The authors included in Harold Bloom's The American Literary Canon conform to a singular American aesthetic that, in Bloom's world, makes them superior to the spectrum of the American experience.

Harold Bloom: The American Canon: Literary Genius from Emerson to Pynchon
Harold Bloom, David Mikics (ed.)
Library of America
October 2019

Harold Bloom’s October 2019 death came two months after the death of Nobel and Pulitzer Prize-winning writer Toni Morrison. While popular critical consensus and more glowing appreciations were justifiably aimed at Morrison, those of us who followed the early ’90s clash of these two literary titans over the subject of the canon’s relevancy probably saw perfect closure in the fact that they were now gone from the stage. Bloom saw adherence to the Western canon “as a process of intense personal engagement with great work” whose goal was to “enlarge a solitary existence.” His list of great works in the Western canon focused on only 26 authors and four major periods covering several millennia.

Morrison minimized the need for a canon because its rigidity excludes diversity. Instead, she favored race, gender, and culture studies. This focus helped transform the objective nature of the canon. Bloom’s rigid orthodoxy about what is necessary for educational enlightenment was transformed by Morrison, along with other non-white, non-male, non-binary intellectuals, into a more diverse journey of learning — and appreciation.

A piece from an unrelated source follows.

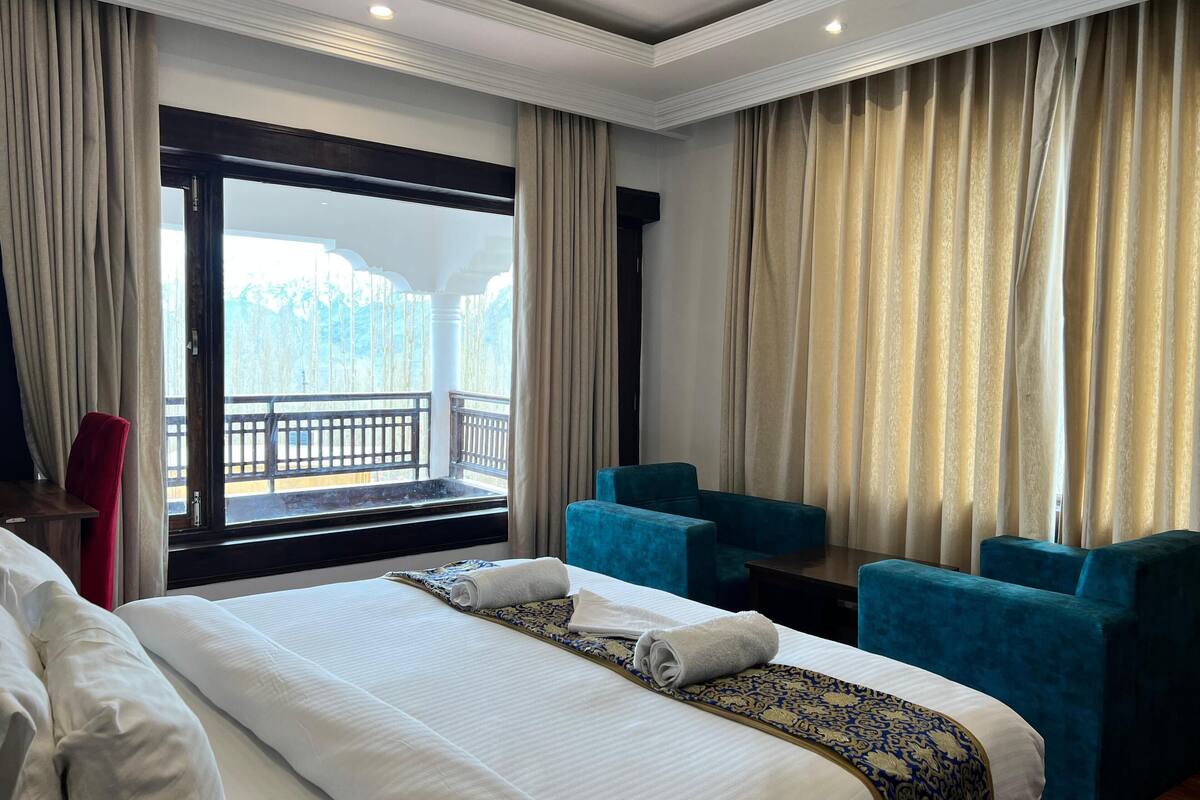 Una habitación de hotel con una cama grande, dos sillones azules, una mesita y un balcón con barandilla.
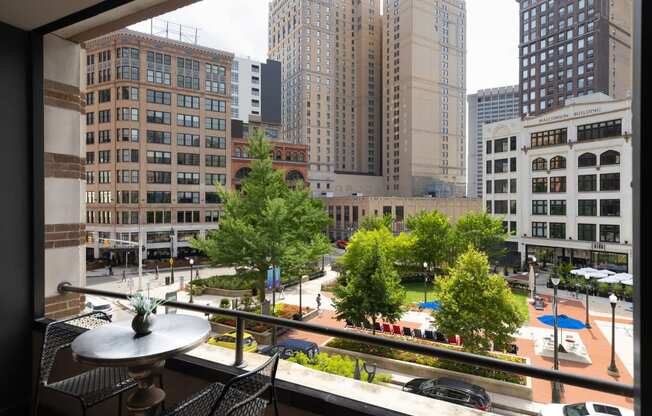 a view of the city from a window with trees and tall buildings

Save for his introduction to her novel Song of Solomon, which he insisted be solely evaluated on aesthetic grounds, Bloom and Morrison had minimal connections beyond being on either side of the literary canon cultural wars. Still, she is among the 47 writers profiled in the new Library of America collection The American Canon: Literary Genius from Emerson to Pynchon introduced and edited by author David Mikics. These essays form the basis of a lifetime Bloom spent reading and personally connecting with an American canon of his own making. It begins with Ralph Waldo Emerson, “…the inescapable theorist of all subsequent American writing.” Starting from this period of the mid-19th century, Bloom ends with Thomas Pynchon, author of (among other titles), Gravity’s Rainbow and lead chronicler of “…the age of plastics and paranoia, corporations and capitalists dominated by the system.”

Ten of the featured writers in this canon are women, and three are people of color. As a representation of canon-worthy American literature since Emerson (and since his criteria include poets, essayists, playwrights, and novelists) one wonders why Bloom doesn’t include American writing before Emerson’s Transcendentalists like Thomas Paine, Benjamin Franklin, and Thomas Jefferson. The implied reasons for authors included here — that their conformity to an understood singular American aesthetic makes them by definition superior to the spectrum of American experience — leaves much to be desired.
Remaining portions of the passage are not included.